From the listing below, give again exactly the lines from the line with "Joules ženska jakna" to the line with "Poster - The Crimson Cherokee - Framed Print", ends included, without any pictures.

=== Begin Enclosure ===

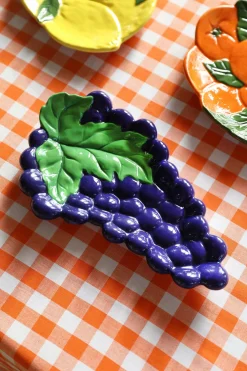 Plat en dolomite à motifs oranges - &Klevering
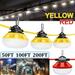 FungLam LED Construction String Lights Super Bright 50W 5000LM Heavy Duty Indoor Outdoor String Work Light Temporary Lighting 50FT Connectable Construction Lights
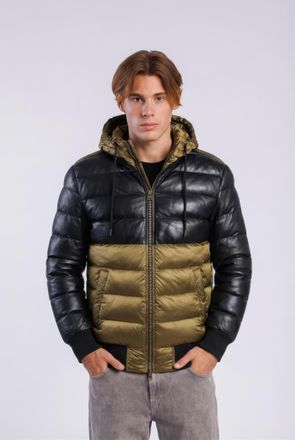 Freaky Nation Lederjacke FREAKY NATION Best Plan-FN, Herren, Gr. M(46), schwarz, 100% Leder, Jacken Lederjacke
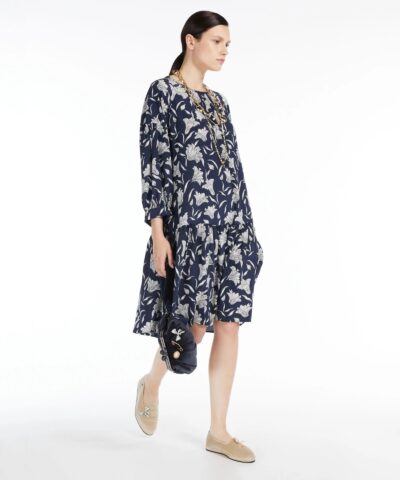 Weekend Max Mara Silk Crepe de Chine Dress 20243936 1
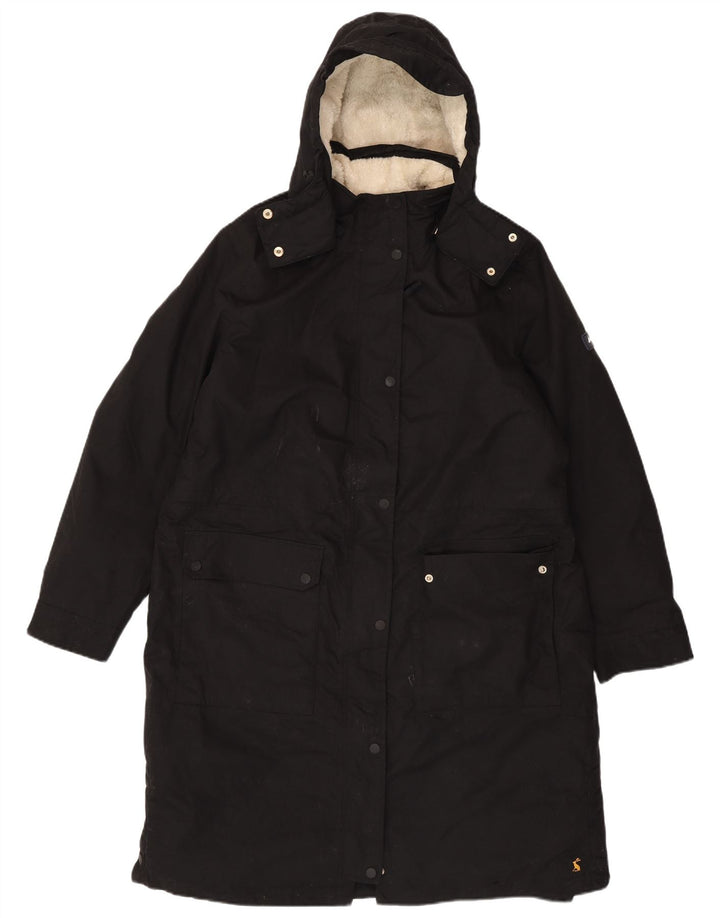 Joules ženska jakna parka s kapuljačom UK 18 XL crni poliester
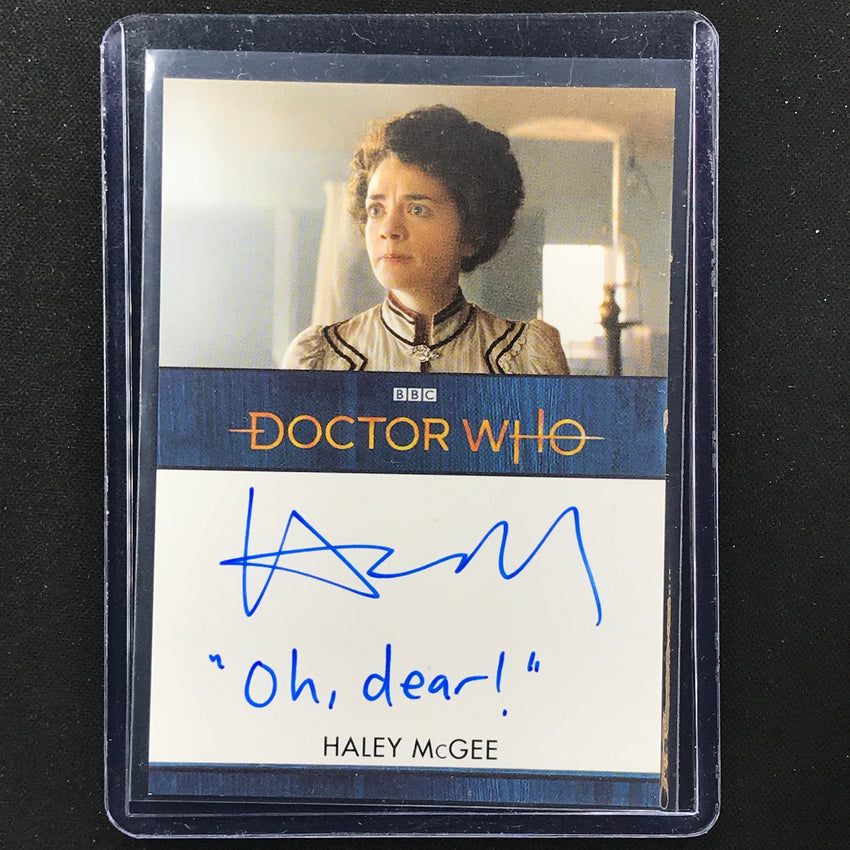 2022 Doctor Who Series 11 And 12 Haley Mcgee As Dorothy Skerrit Inscription Auto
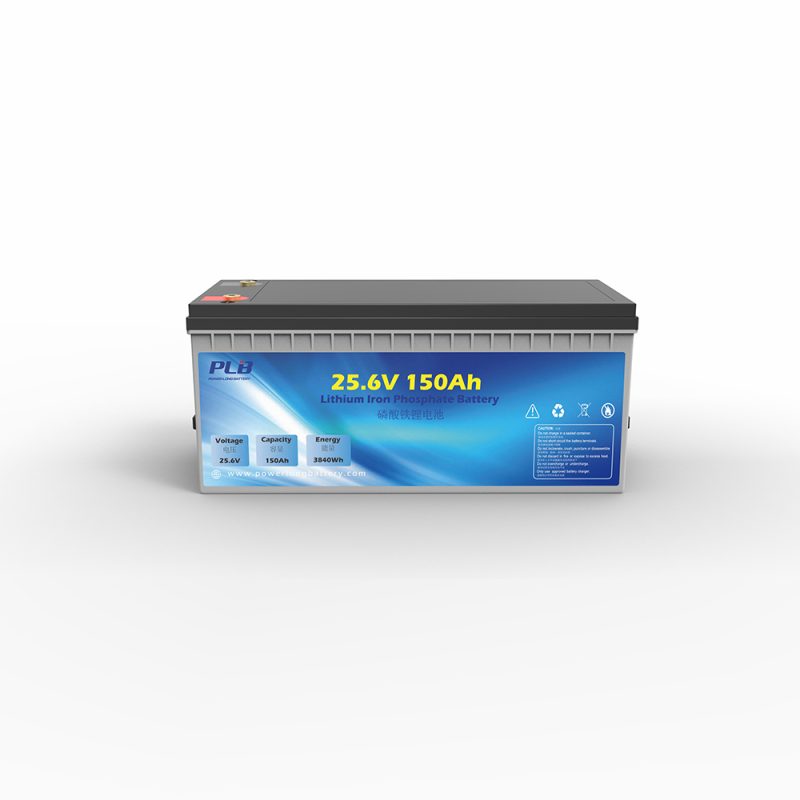 25.6V 150Ah LiFePO4 Lithium Battery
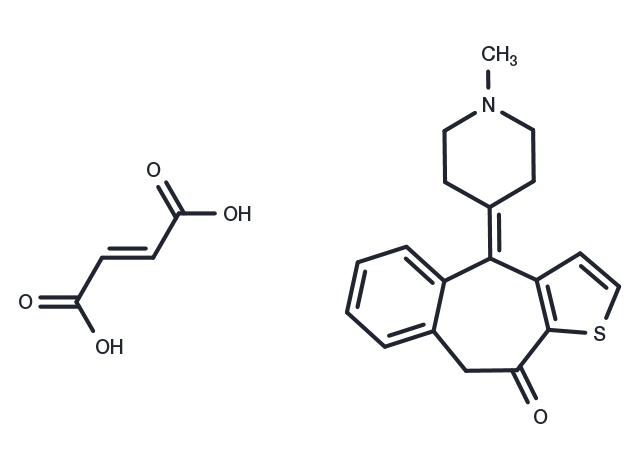 Ketotifen fumarate Chemical Structure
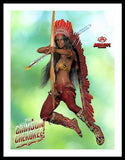 Poster - The Crimson Cherokee - Framed Print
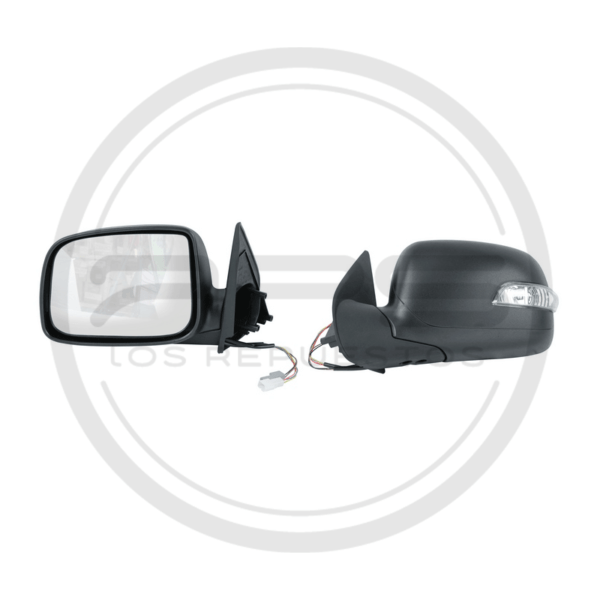 ESPEJO PUERTA IZQUIERDA NEGRO ELECTRICO CON LED CHEVROLET LUV D-MAX MODELO 2005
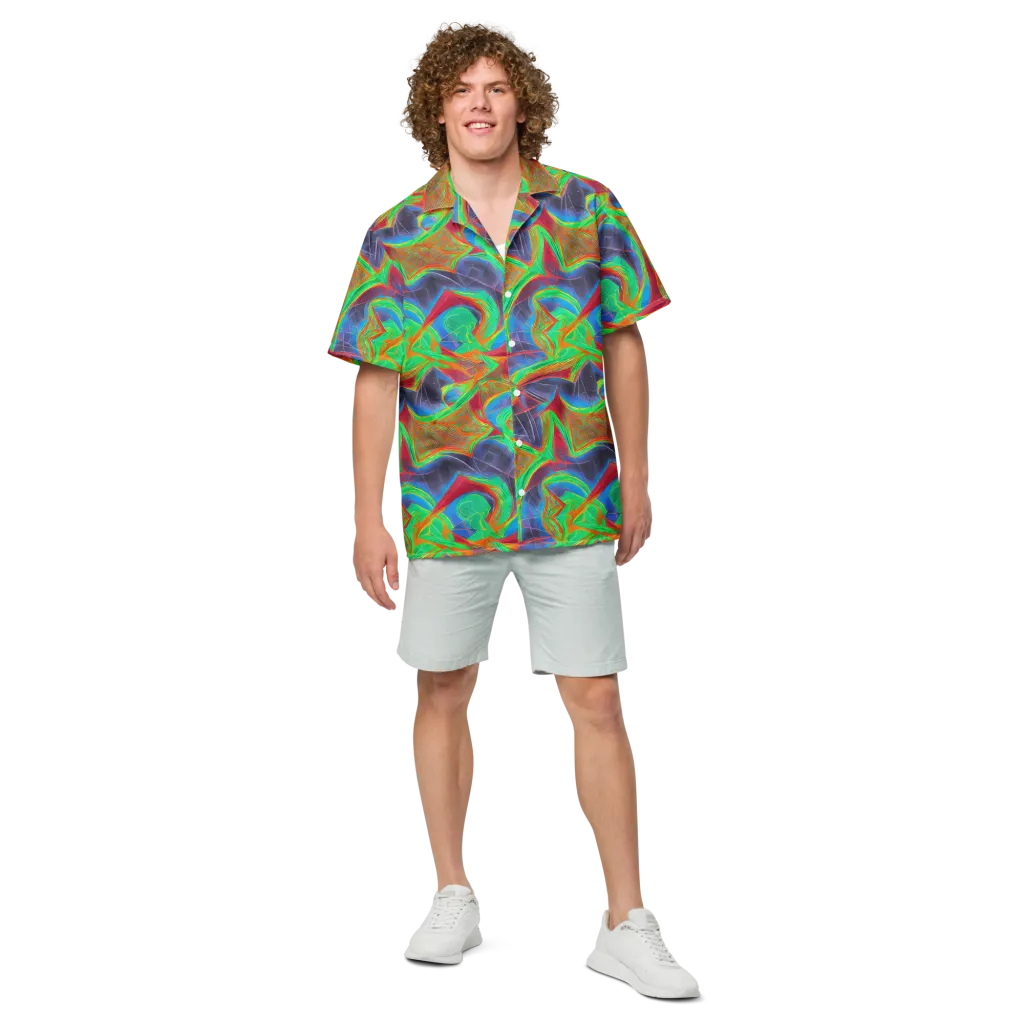 Afterglow Labyrinth on Button Shirt — Front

=== End Enclosure ===

▸ REPLY TO THE EXERCISE:
 Joules ženska jakna parka s kapuljačom UK 18 XL crni poliester
 2022 Doctor Who Series 11 And 12 Haley Mcgee As Dorothy Skerrit Inscription Auto
 25.6V 150Ah LiFePO4 Lithium Battery
 Ketotifen fumarate Chemical Structure
 Poster - The Crimson Cherokee - Framed Print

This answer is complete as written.